----- GIVEN DATA
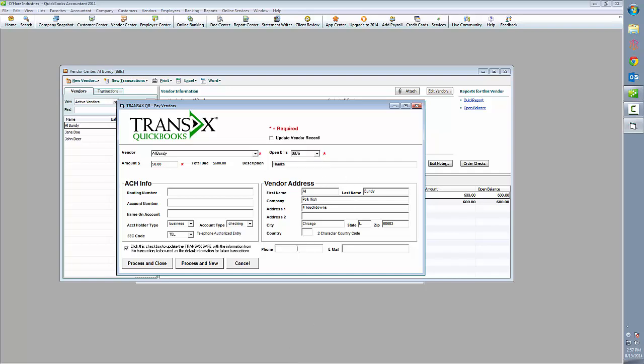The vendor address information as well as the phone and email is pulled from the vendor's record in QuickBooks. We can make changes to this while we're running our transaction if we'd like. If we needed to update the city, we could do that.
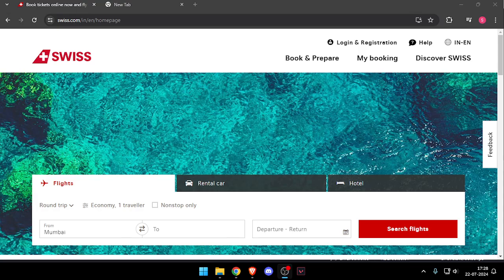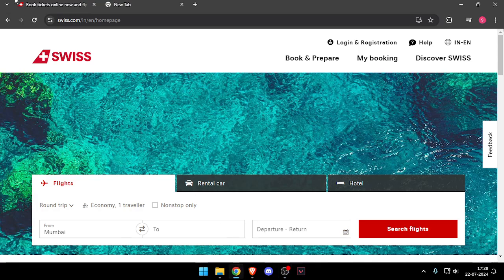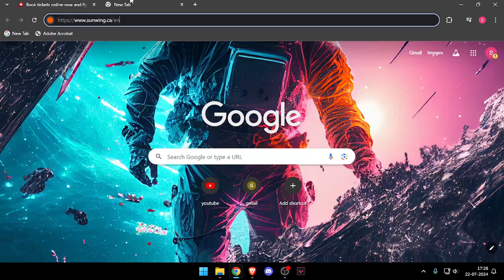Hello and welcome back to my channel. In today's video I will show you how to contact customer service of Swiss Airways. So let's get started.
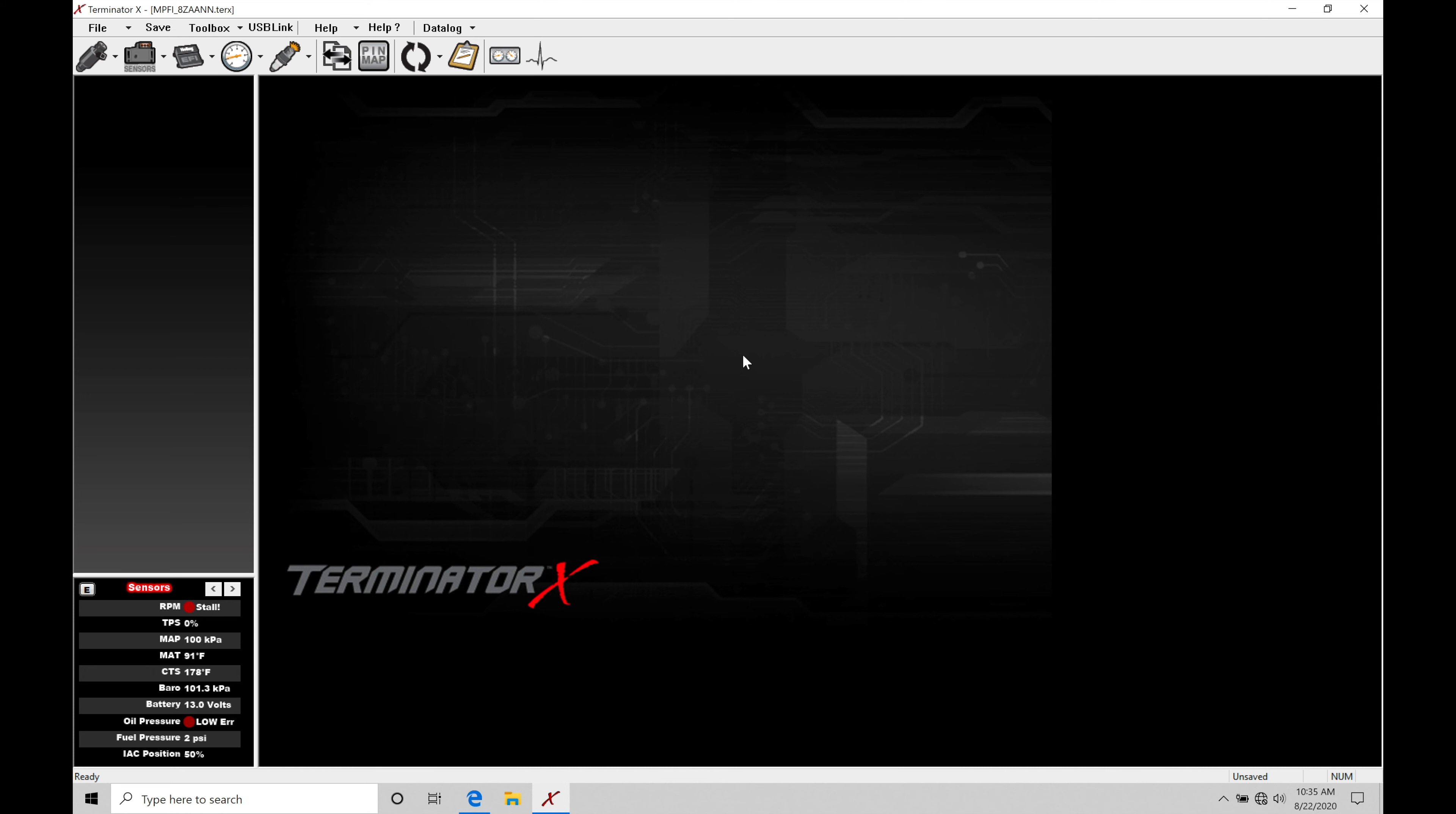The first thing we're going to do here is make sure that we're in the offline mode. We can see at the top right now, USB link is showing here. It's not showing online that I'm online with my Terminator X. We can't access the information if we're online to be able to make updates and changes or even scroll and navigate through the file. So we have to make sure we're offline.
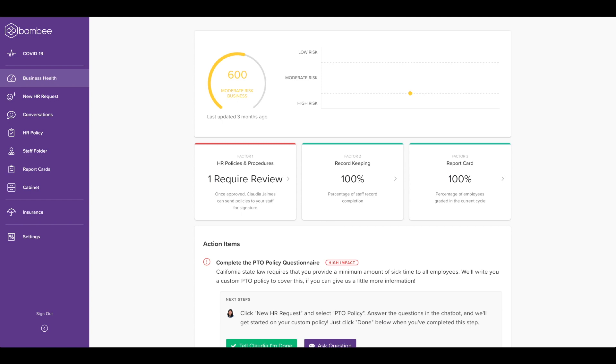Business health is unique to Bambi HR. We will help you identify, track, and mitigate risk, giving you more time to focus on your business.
----------
**TASK TO COMPLETE:** Extract the lines exactly, please: the first line of the listing, the line with "Hello and welcome", and every line between them, but no pictures.

**RESPONSE:**
The vendor address information as well as the phone and email is pulled from the vendor's record in QuickBooks. We can make changes to this while we're running our transaction if we'd like. If we needed to update the city, we could do that.
Hello and welcome back to my channel. In today's video I will show you how to contact customer service of Swiss Airways. So let's get started.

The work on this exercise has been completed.